I'm reading through enter link description here this paper. And I'm trying to understand the proof of the proposition 1, which states:
The transformation defined by $$ y[n] = \int_{0}^{2\pi} dx h(n\Delta_x - x)f(x) $$ is shiftable if and only if there's a set of interpolation functions, $b_n(x_0)$ that satisfy the matrix equation $$ \begin{pmatrix} e^{jx_0k_0} \\ e^{jx_0k_1} \\ \vdots \\ e^{jx_0k_{M-1}} \end{pmatrix} = \begin{pmatrix} 1 & e^{j\Delta_x k_0} & e^{j 2 \Delta_x k_0} & & e^{j(N-1)\Delta_x k_0} \\ 1 & e^{j\Delta_x k_1} & e^{j 2 \Delta_x k_1} & \ldots & e^{j(N-1)\Delta_x k_1} \\ & \vdots & & \\ 1 & e^{j\Delta_x k_{M-1}} & e^{j 2 \Delta_x k_{M-1}} & & e^{j(N-1)\Delta_x k_{M-1}} \end{pmatrix} \begin{pmatrix} b_0(x_0) \\ b_1(x_0) \\ \vdots \\ b_{N-1}(x_0) \\ \end{pmatrix} \;, \forall x_0 $$
The paper proves such proposition. And I understand the proof. However the form of the linear system above doesn't seem to me depends from the $h$, and therefore to me it seems that for any $h$ we have a shiftable transformation.

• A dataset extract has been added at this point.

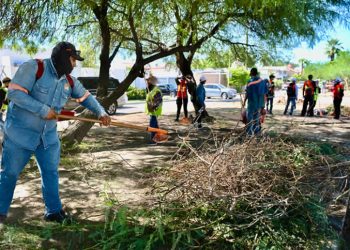 Avanzan jornadas intensas de limpieza en calles y camellones de Hermosillo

PS. Shiftability means that for all $x_0$ we have
$$ \int_{0}^{2\pi} dx h(x_0 - x)f(x) = \sum_{j=0}^{N-1} b_j(x_0) y[n] $$
Namely convolution can be expressed as interpolation of $N$ samples. Notation in general of the paper is not entirely clear, for example Fourier series of $h(x)$ is denoted by $H(k)$, with a different variable, while to me the variable should be the same.
The statement of the proposition continues after presenting the linear system. It continues by saying: "where $\{k_0, k_1, \dots, k_{M-1}\}$ is the set of frequencies for which $H(k)$, the Fourier series of $h(x)$, is nonzero". I guess that gives your dependence on $h$.